=== Work order ===
Once the line holding "All about Assets" is found, output it and all remaining lines of the data exactly, with every picture left out.

Captioned web images
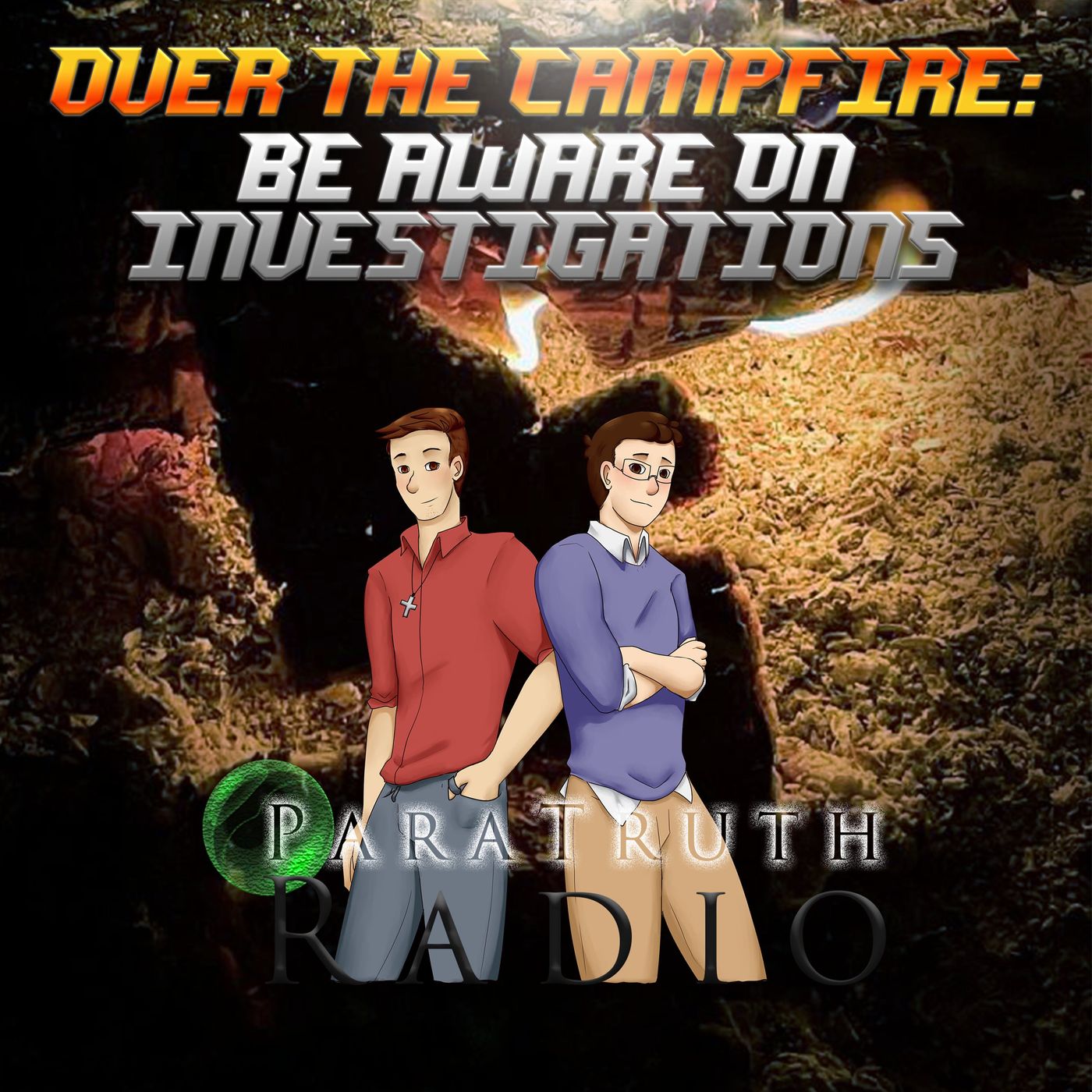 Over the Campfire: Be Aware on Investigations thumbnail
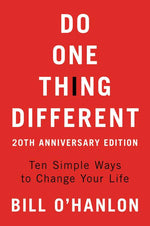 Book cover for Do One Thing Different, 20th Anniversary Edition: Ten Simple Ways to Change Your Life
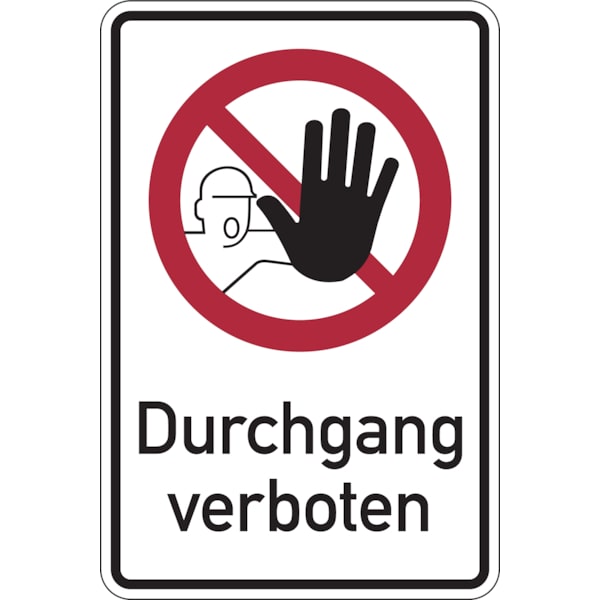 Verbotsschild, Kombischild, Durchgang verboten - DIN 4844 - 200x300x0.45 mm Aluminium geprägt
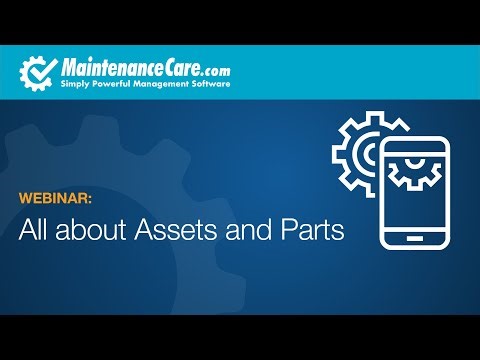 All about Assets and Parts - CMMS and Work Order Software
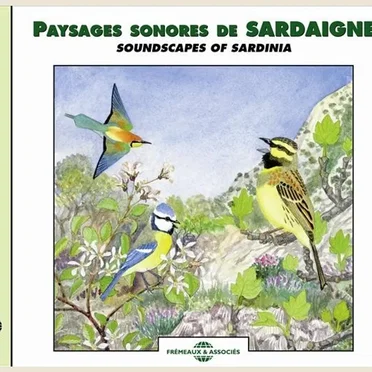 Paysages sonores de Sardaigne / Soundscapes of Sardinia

=== Solution ===
 All about Assets and Parts - CMMS and Work Order Software
 Paysages sonores de Sardaigne / Soundscapes of Sardinia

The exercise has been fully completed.